Let’s be totally clear: despite the ‘4’ on the name, this is categoricallynot a return to the bombastic, arcade-hued mayhem of Dirt 2. This is the still-beating heart of Dirt Rally, transplanted into the long-dead corpse of Dirt 3. The result is an incredibly hardcore simulation masquerading as an adrenaline-soaked, close-competitive racer. Fundamentally, that mix just doesn’t work.

What it does well, it does superbly. The rally section of the career mode is every bit as playable, enjoyable and hardcore as Dirt Rally, only now instead of hand-crafted stages, everything is procedurally generated. You can have a go at generating these stages yourself, moving two sliders for length and complexity, then setting the time of day and weather and hit generate. Don’t like what you see? Just press it again. That means virtually infinite new tracks, forever. A rally fan’s dream.

At times, particularly in fog, it’s absolutely beautiful. In sunlight, however, much of the foliage often looks flat and over-lit. The town sections are impressive considering they’ve essentially sprung out of thin air, but look closer and they appear at least a generation old. Maybe even two. Some parts of Dirt 4 feel cheap and that’s never been the case before.
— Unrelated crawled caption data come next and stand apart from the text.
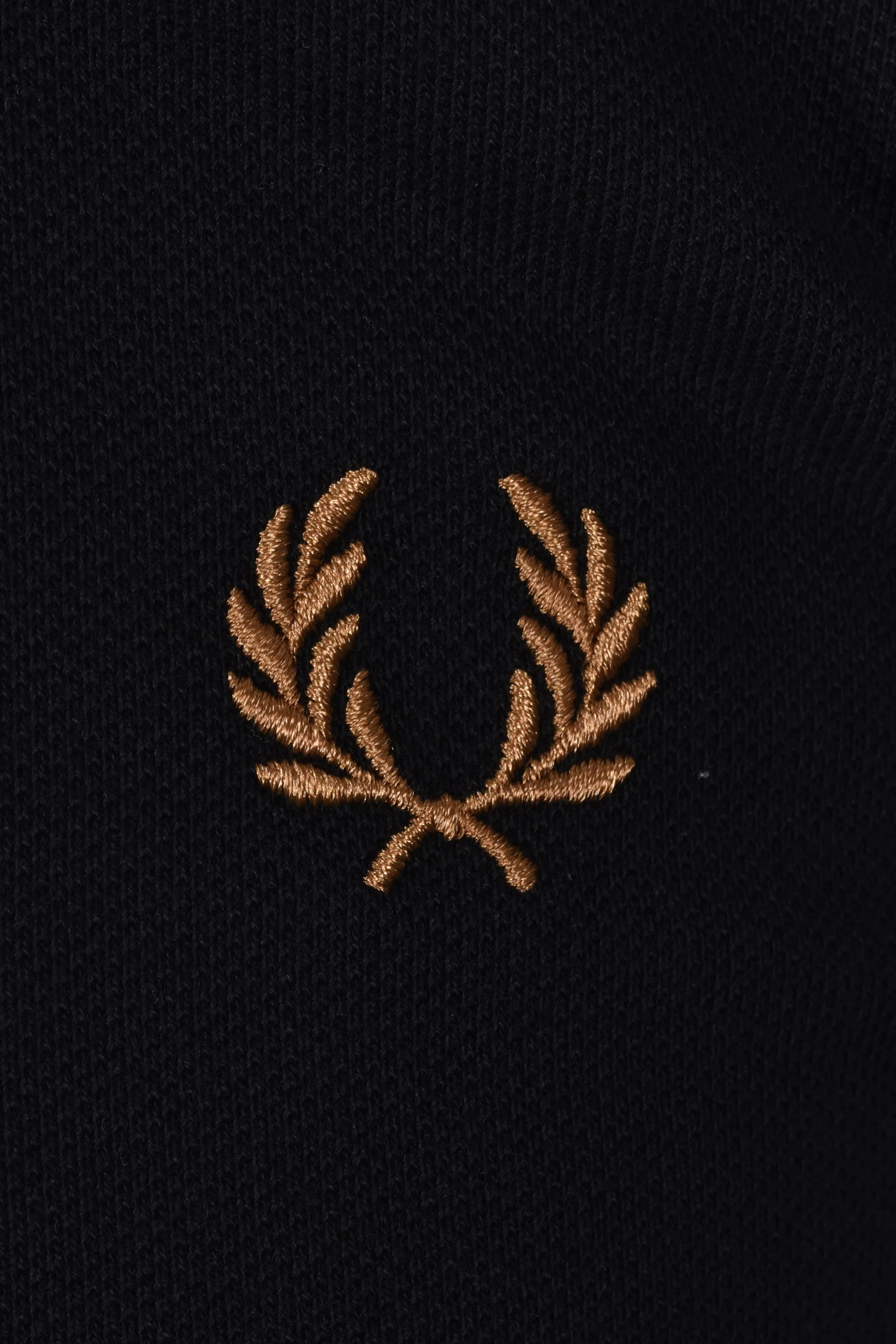 FRED PERRY TWIN TIPPED POLO BLACK - Image 3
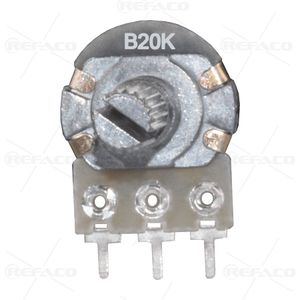 ولوم مونو سوزنی REFACO VOLUME MONO L=20 <30mV B20KOHM FIBER WITHOUT STOPPER WH148-1A-2-20V B20K FIBER WITHOUT STOPPER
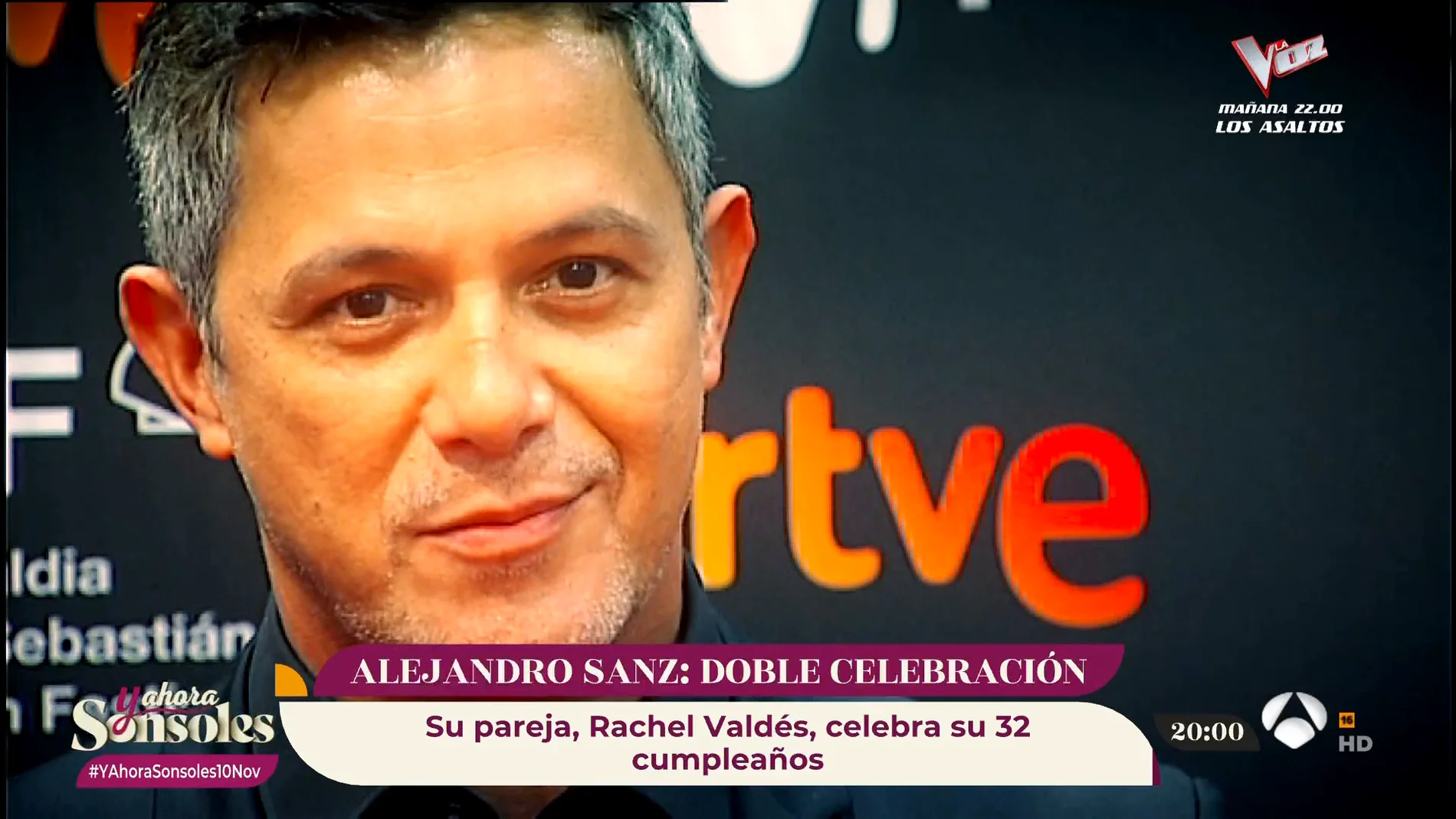 Alejandro Sanz celebra su éxito personal y profesional junto a su pareja Rachel Valdés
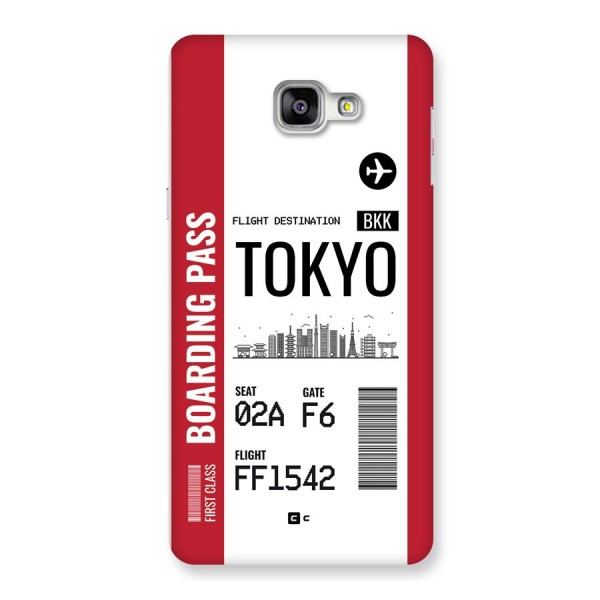 Tokyo Boarding Pass Back Case for Galaxy A9
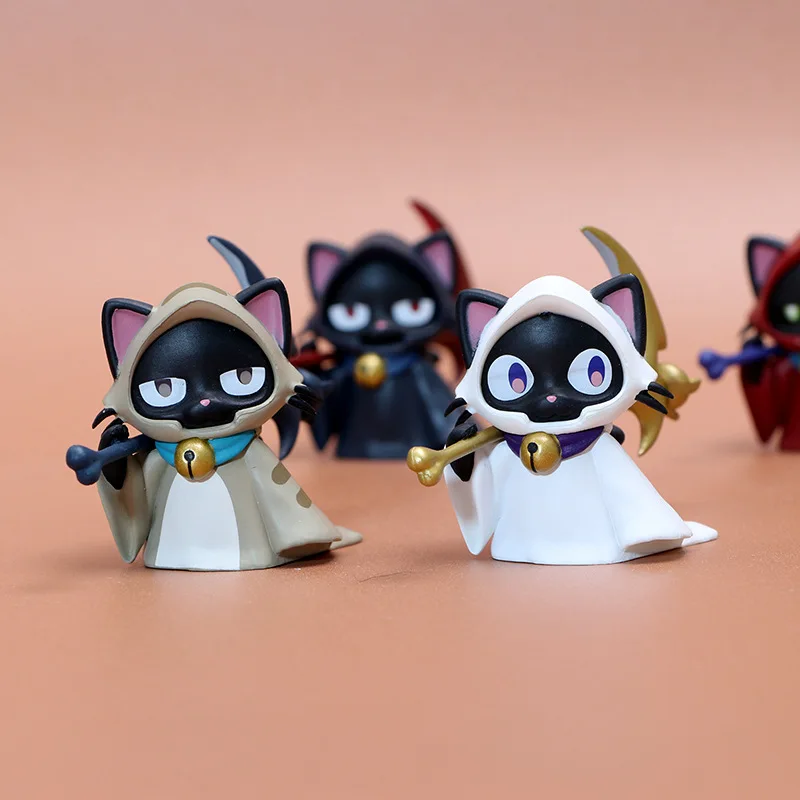 Figura coleccionable de gato estilo anime con guadaña infantil PVC - imagen 5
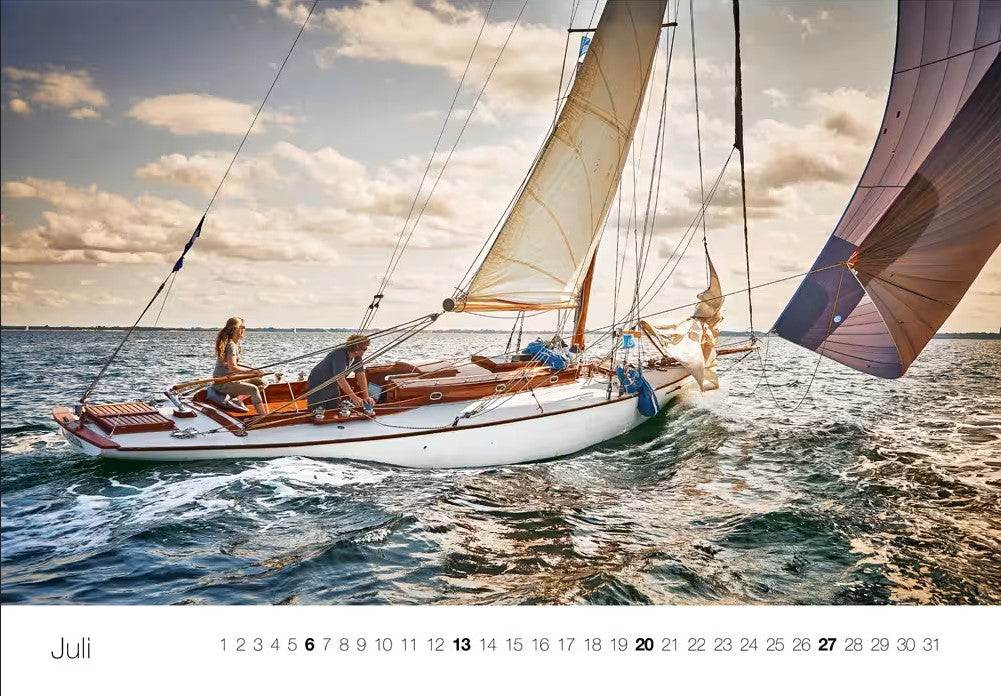 Yacht Classic - Wandkalender 2025 -  68 x 48 cm - Delius Klasing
The depth of the rally career, however, is exemplary. Teams and advertisers have clear expectations and you can see how happy you’re keeping them thanks to a simple gauge. You can hire and fire PR and engineering staff, and their pay comes from your budget, meaning at least some degree of money management is necessary. It’s also online-integrated, with daily, weekly and monthly challenges to attempt, which are massively enjoyable thanks to leaderboards throughout. Dirt 4 is definitely worth buying if you finished Dirt Rally and longed for more.